One solution is to fund more partnerships. If other organizations wish to assume functions traditionally done by synagogues, let them do it in some sort of conjunction with local synagogues. This could be a win-win for both parties.
Robert Frost defined home as “the place where, when you have to go there, they have to take you in.” The shul has been the home to Jewish people for thousands of years. In Israel we see the mosaics of ancient synagogues; across Europe we see the landscape of the abandoned synagogues of destroyed communities. New organizations
have their role to play, but the shul is the backbone of Judaism. Once the synagogues are gone, it will not be easy to bring them back. Health care is more reliable than resurrection.
Rabba Epstein: When it comes to business, Jewish law allows competition between two residents of a city, or even within a neighborhood (Shulchan Aruch, Choshen Mishpat 156:5).
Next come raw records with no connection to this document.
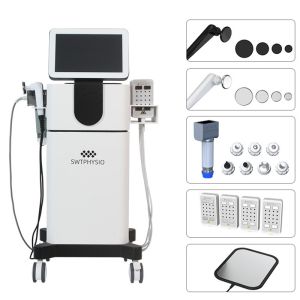  Clinic Abdominal Fat Contouring Machine , Non Surgical Body Shaping Machine Manufactures
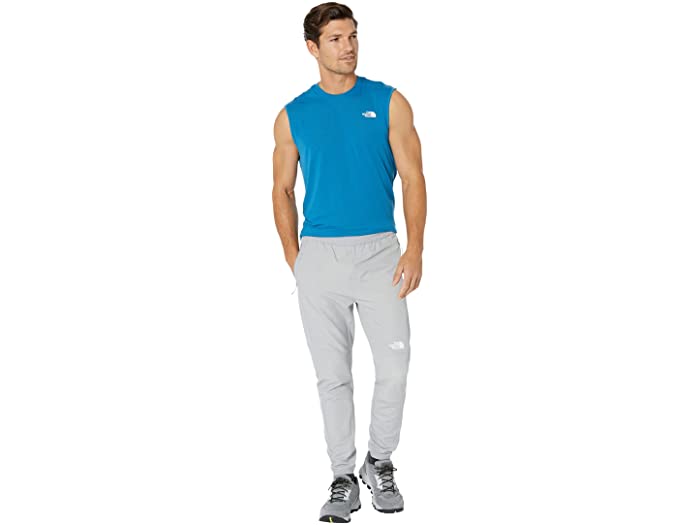 (取寄)ノースフェイスメンズテックウェアパンツTheNorthFaceMen'sTekwarePantsTNFLightGreyHeather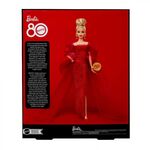 Product Mattel Barbie: Signature - Mattel 80th Anniversary Doll (JBJ17) thumbnail image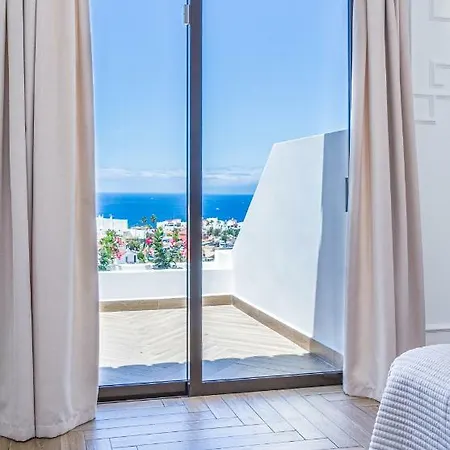 Casa Calma - Modern House With Panoramic Sea View Lejlighed Costa Adeje (Tenerife)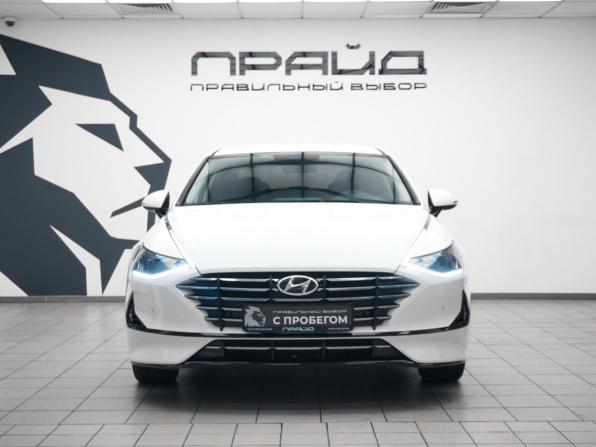 Hyundai Sonata VIII (DN8) с пробегом 2020 года, цена 2 299 000 рублей, 76237 км, седан, Автокод Объявления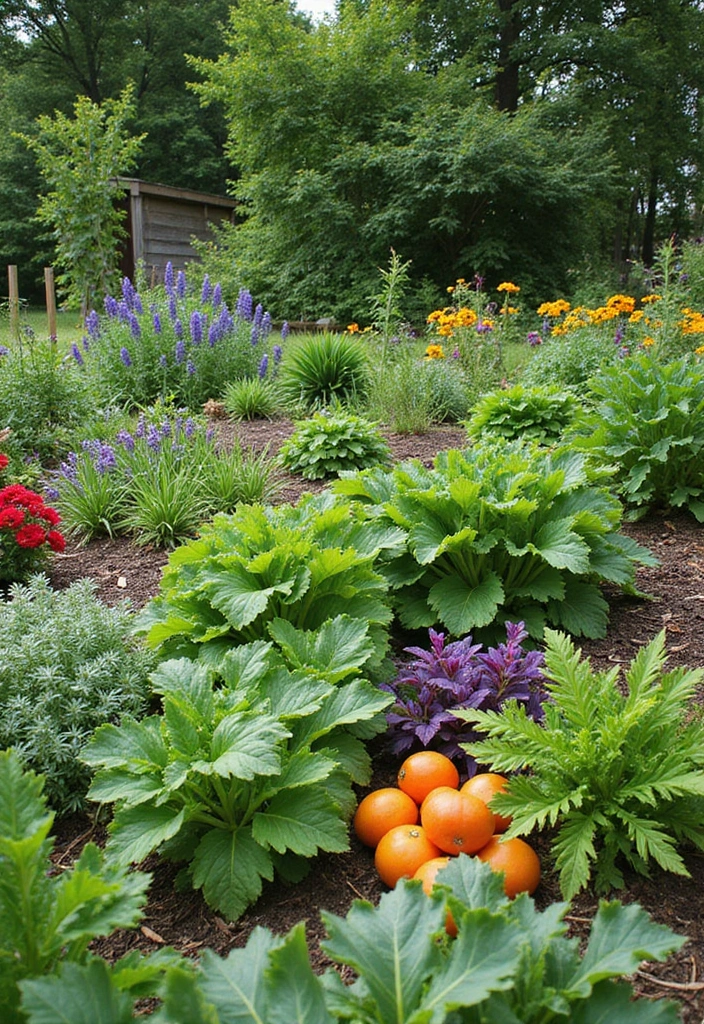 17 Backyard Landscaping Ideas That'll Boost Your Home's Curb Appeal (You Have to See #6!) - 13. Edible Landscaping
Even if you know you will take customers away from your fellow, you are allowed to pursue your own success. That said, you are not allowed to put your fellow completely out of business (Chatam Sofer CM 61).
Today we are seeing an increase in people seeking Jewish experiences outside of the synagogue — b’nai mitzvahs at summer camp, independent rabbis who perform lifecycle events, innovative prayer experiences, and much more. Are these cases of healthy competition, or are they, as Rabbi Wolpe states, a clear case of hasagat g’vul and a trend that will put our synagogues out of business?
It is understandable that this phenomenon may feel threatening to synagogues, which are, as Rabbi Wolpe says, home base for the Jewish community. What will happen if people continue to look outside synagogues for new experiences?
But perhaps there is an opportunity here to look at these “disruptions” a bit differently.
The Talmud in Baba Batra 21a records a discussion between Rava and Rav Dimi about a case of two teachers who live in the same neighborhood. The first, who is employed, teaches only a few subjects; the second, who is not yet employed, could teach more. Should you fire the first and hire the second? Rava says no, because without competition, the second teacher will become too comfortable and neglect his responsibility. Rav Dimi disagreed, arguing for firing the first teacher since “jealousy among teachers increases wisdom.” Both of them will work harder, because they now know they are in competition with each other! A competitive spirit can actually raise all ships, and how much more desirable is this when our core mission is engaging Jews in Torah.
The fear of new ideas and models is rooted in a scarcity mindset, a sense that there are not enough resources or people to go around, so we can’t afford to take risks. I would argue, however, that finding new and creative ways for Jews to connect to their tradition will bring more people into the mainstream community rather than distancing them, eventually expanding the pie altogether. Indeed, many synagogues are also becoming entrepreneurial themselves, seeking new ways to reshape and revamp programming from within, often inspired by what is happening outside their doors.
Judaism has always held this dichotomy of the old and the new. The job of rabbis and educators is to honor both of these pulls, grounding themselves in tradition and the wisdom of Jewish text while continuing to bring new modalities, voices, and perspectives into our millennia-old Jewish conversations.
The Jewish community must support innovation in Jewish practice, education, and experiences. Whether that innovation is found within synagogues’ walls or outside them, the whole community benefits from healthy competition, from change, and from new ways of thinking about and engaging with Jewish tradition. We can trust our rabbis and educators to rise to the occasion and bring out the best in themselves and those they serve.